### The task
An exact transcription of each entry below is required, without any pictures.

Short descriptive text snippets
>>

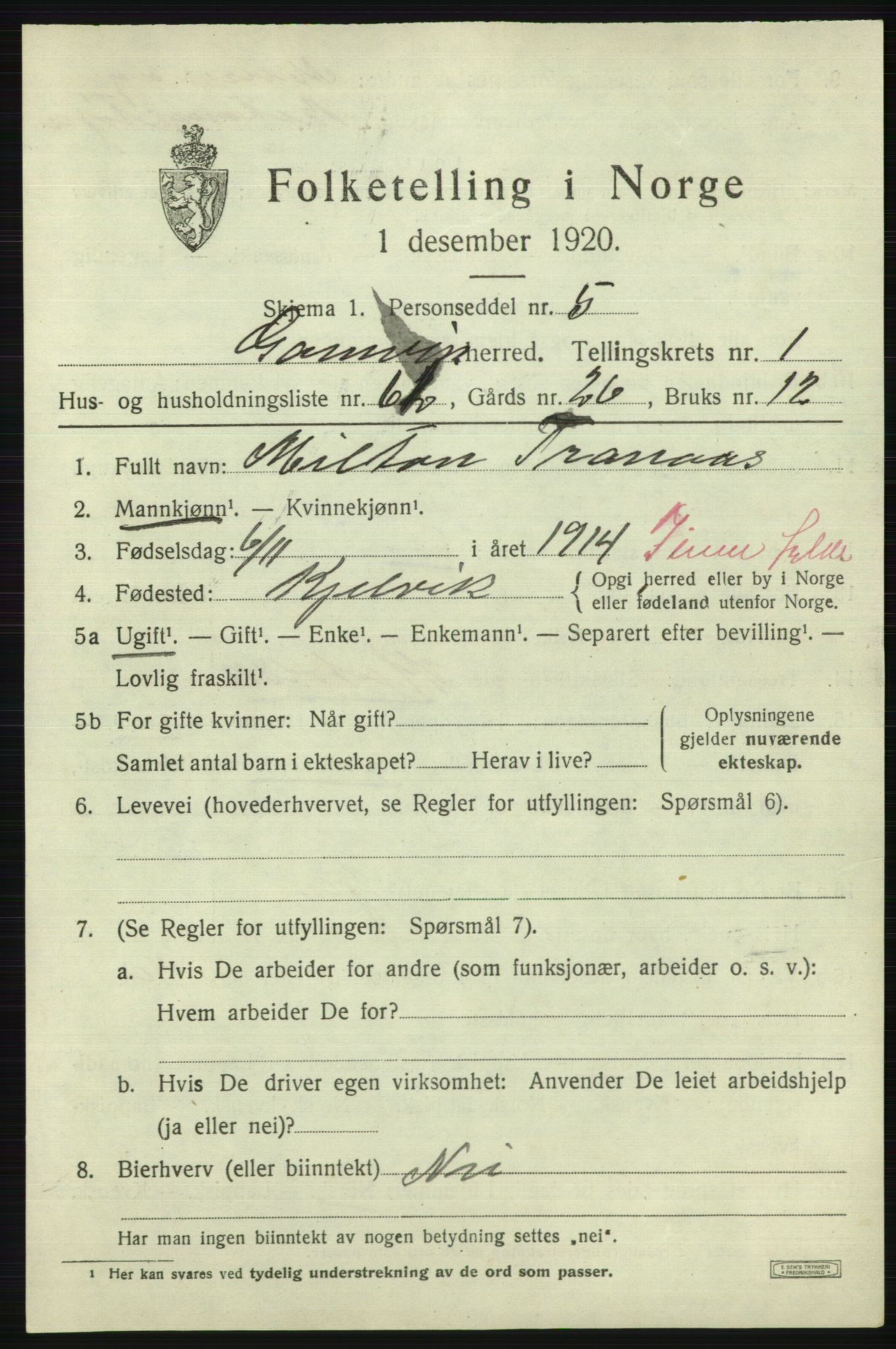 SATØ, 1920 census for Gamvik, 1920, p. 1512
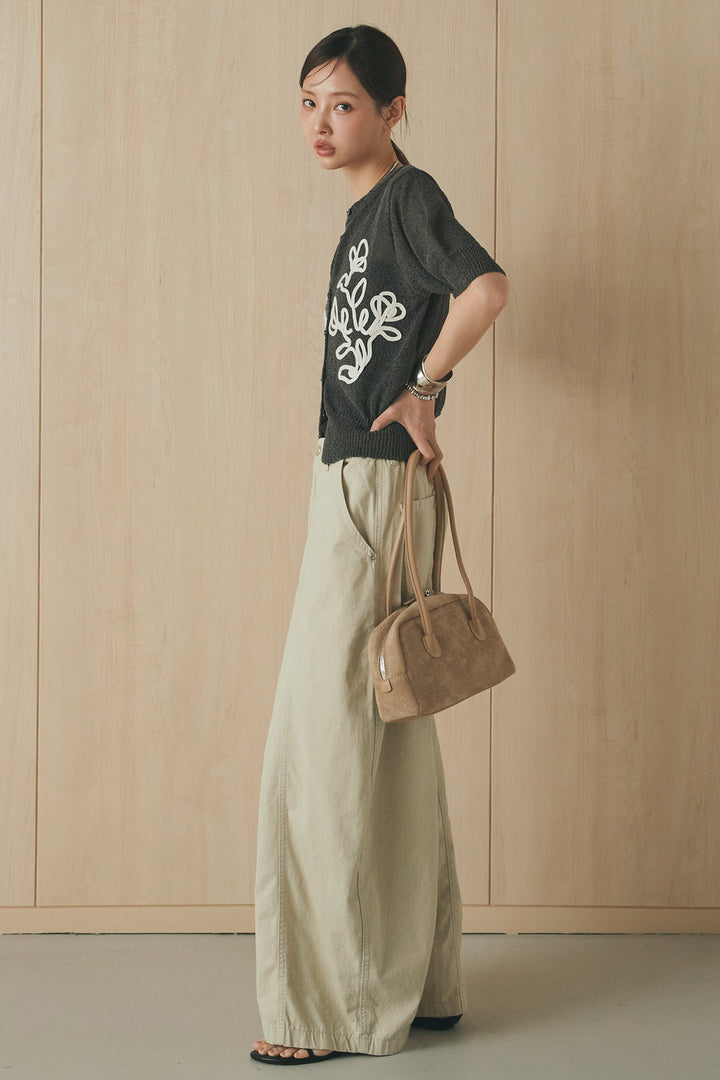 [SET]フロントテープデザイン半袖カーディガン+サイドベルトカーブワイドパンツ(2set)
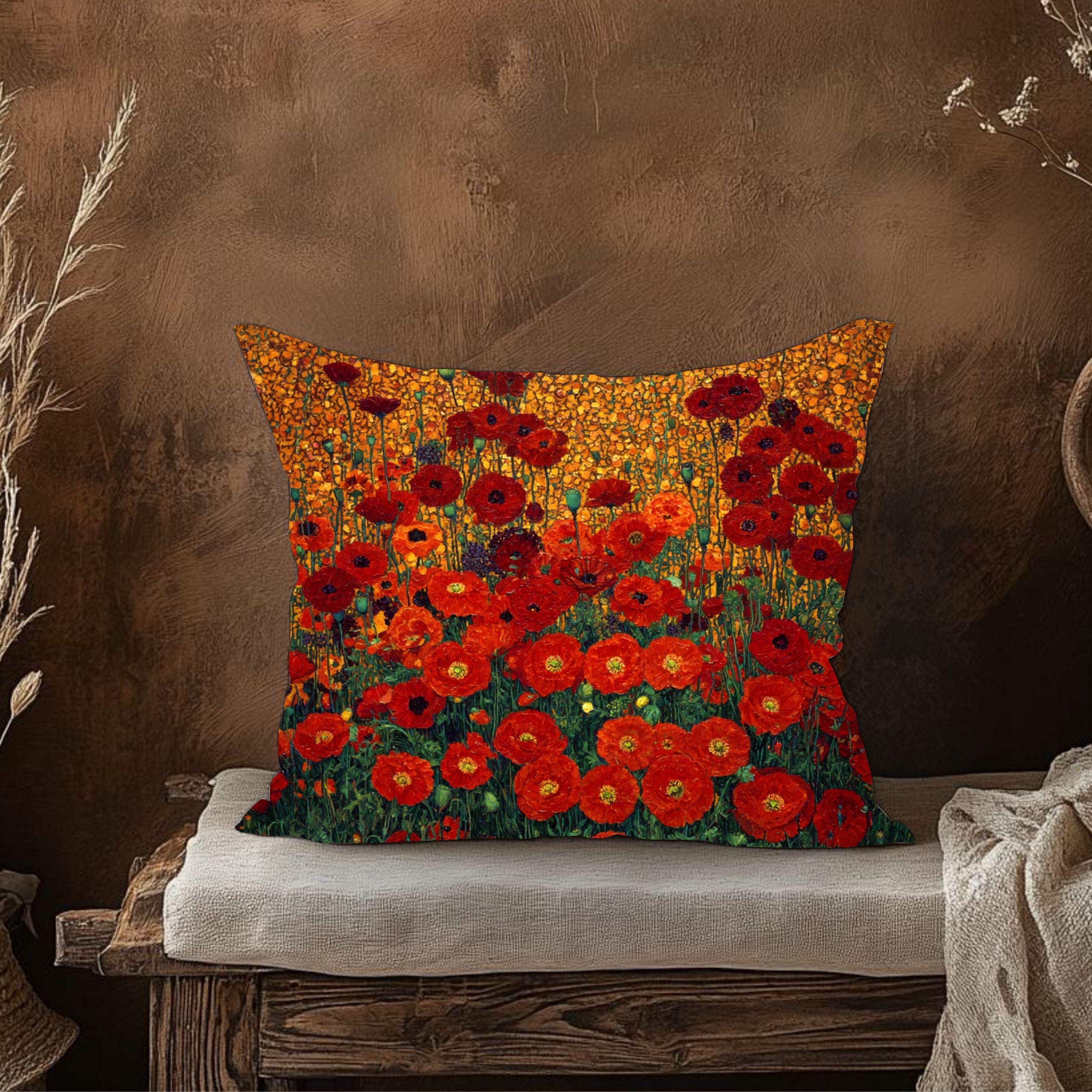 Red Poppy Throw Pillow, Vintage Floral Cushion Cover, Bold Botanical Flower Pillowcase, Cottagecore Farmhouse Accent Decor Gift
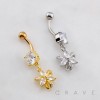 DANGLE VIBRANT FLORAL SNOWFLAKE MOTIF MULTI CZ BELLY BUTTON NAVEL RING 316L SURGICAL STEEL DANGLE VIBRANT FLORAL SNOWFLAKE MOTIF MULTI CZ BELLY BUTTON NAVEL RING 316L SURGICAL STEEL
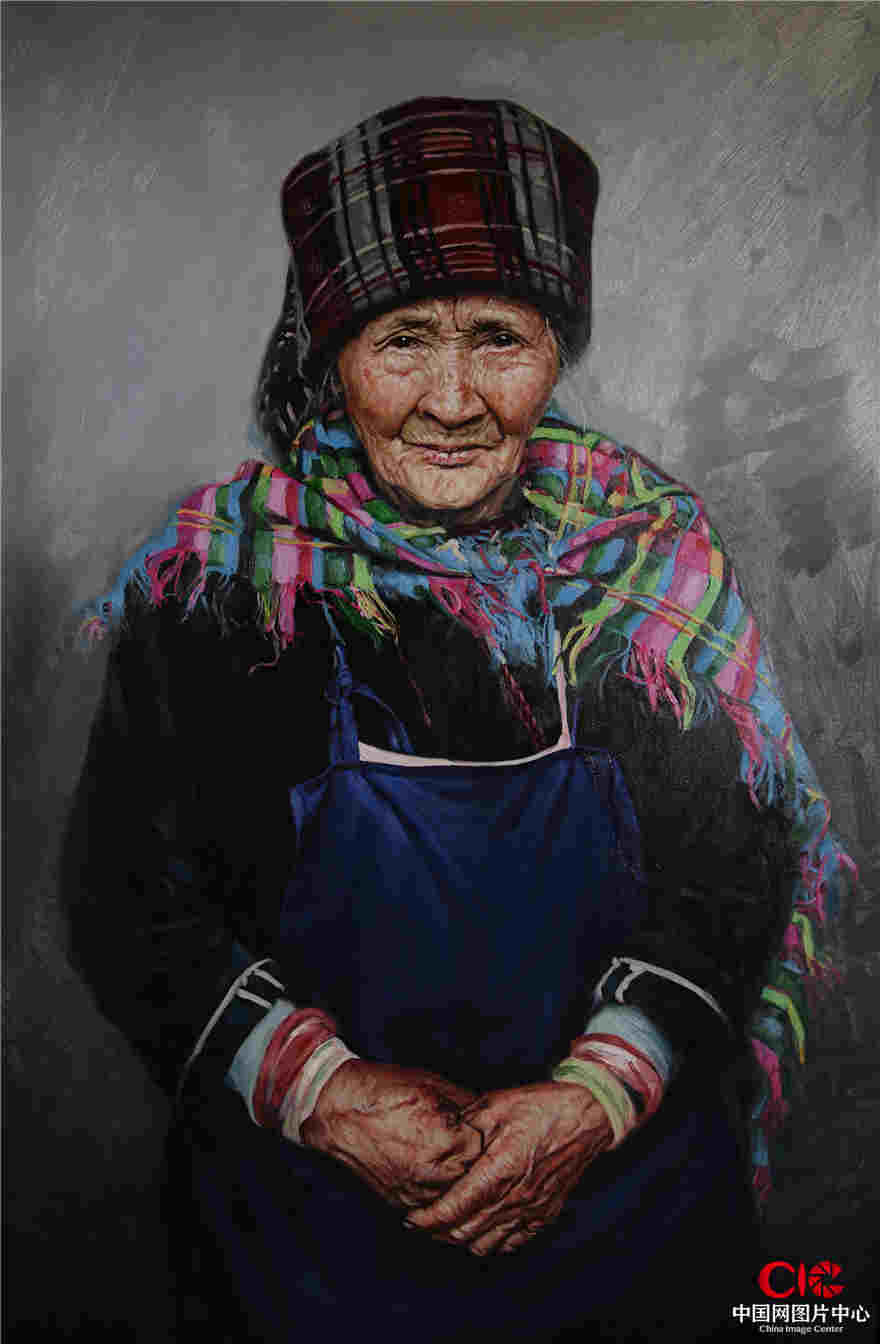 《老阿媽》布面油畫，100cm×67cm,2015年  段鐵軍 攝
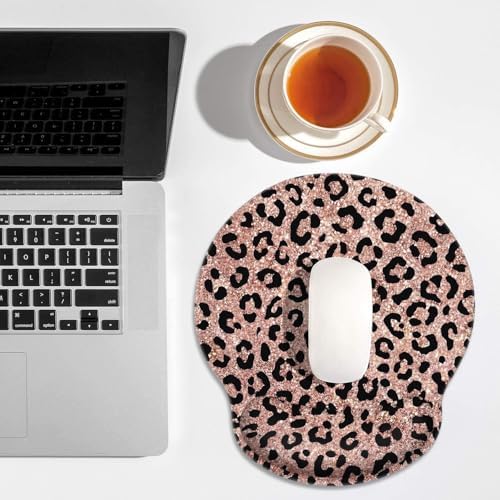 Britimes Ergonomic Mouse Pad with Wrist Support, Rose Leopard
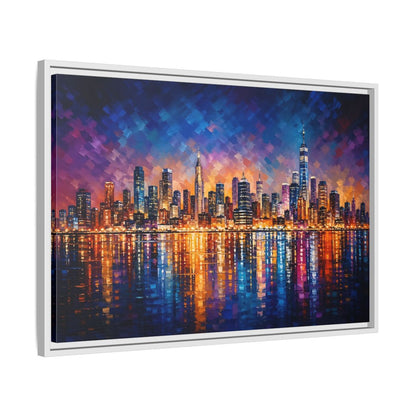 Side Mockup 10. Abstract Cityscape Vibrant Cityscape shown as stretched canvas wall art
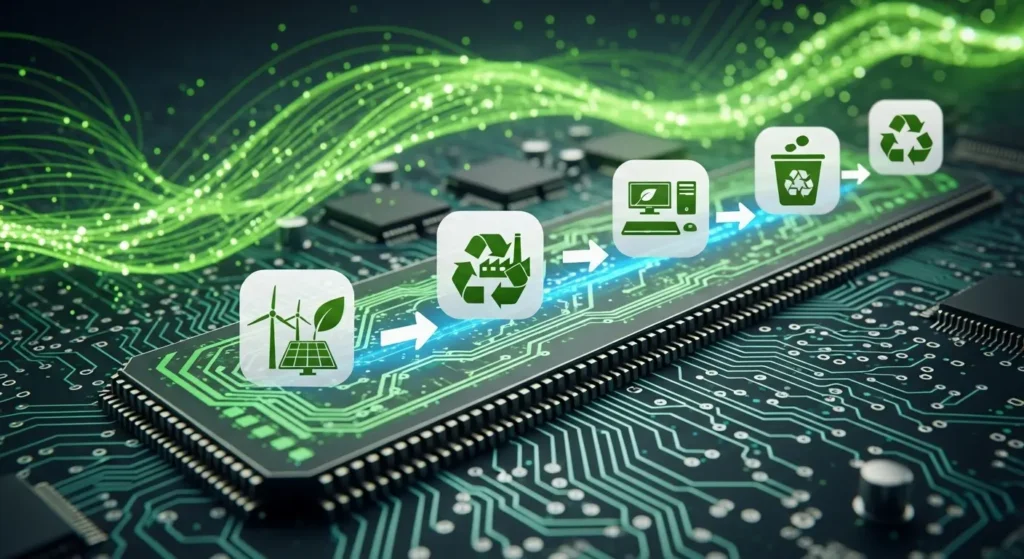 サステナビリティに配慮したPCのライフサイクルとリサイクルのイメージ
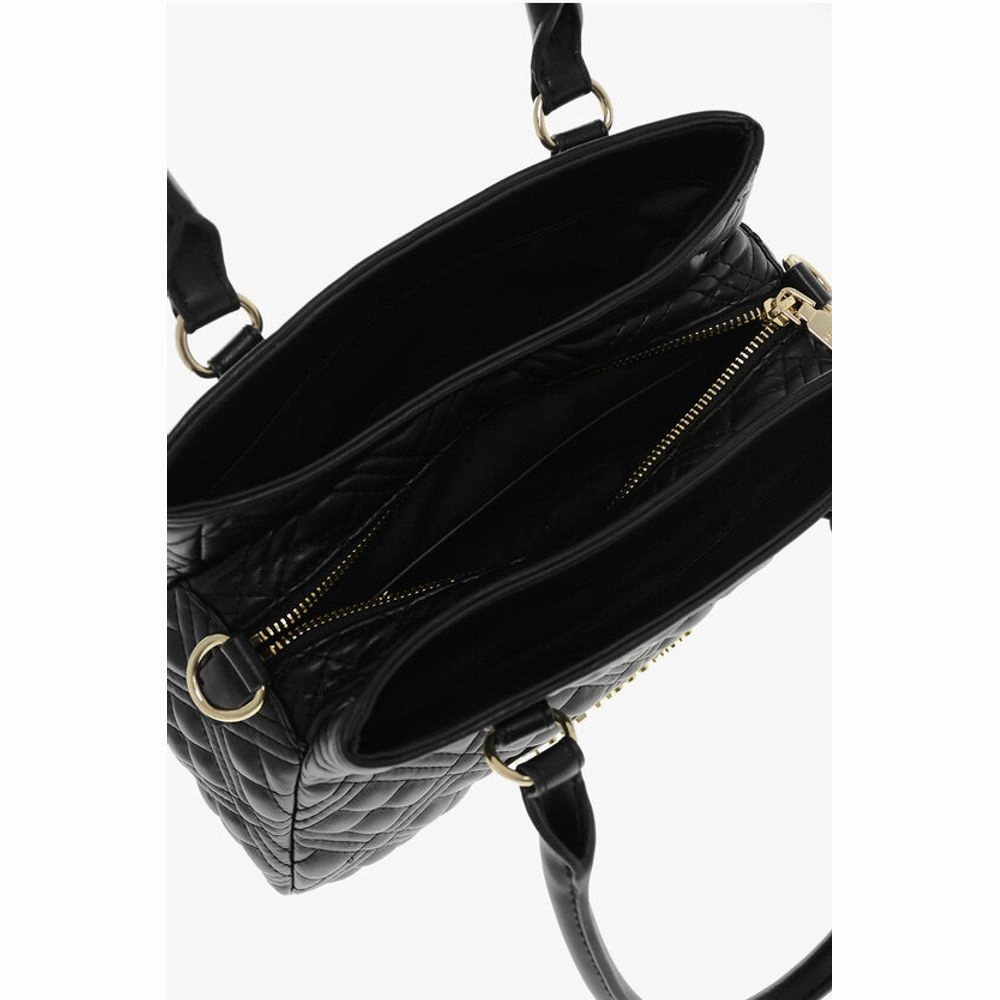 Moschino LOVE Quilted Faux Leather Hand Bag with Embossed Logos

<<

### Problem solution
 SATØ, 1920 census for Gamvik, 1920, p. 1512
 [SET]フロントテープデザイン半袖カーディガン+サイドベルトカーブワイドパンツ(2set)
 Red Poppy Throw Pillow, Vintage Floral Cushion Cover, Bold Botanical Flower Pillowcase, Cottagecore Farmhouse Accent Decor Gift
 DANGLE VIBRANT FLORAL SNOWFLAKE MOTIF MULTI CZ BELLY BUTTON NAVEL RING 316L SURGICAL STEEL DANGLE VIBRANT FLORAL SNOWFLAKE MOTIF MULTI CZ BELLY BUTTON NAVEL RING 316L SURGICAL STEEL
 《老阿媽》布面油畫，100cm×67cm,2015年  段鐵軍 攝
 Britimes Ergonomic Mouse Pad with Wrist Support, Rose Leopard
 Side Mockup 10. Abstract Cityscape Vibrant Cityscape shown as stretched canvas wall art
 サステナビリティに配慮したPCのライフサイクルとリサイクルのイメージ
 Moschino LOVE Quilted Faux Leather Hand Bag with Embossed Logos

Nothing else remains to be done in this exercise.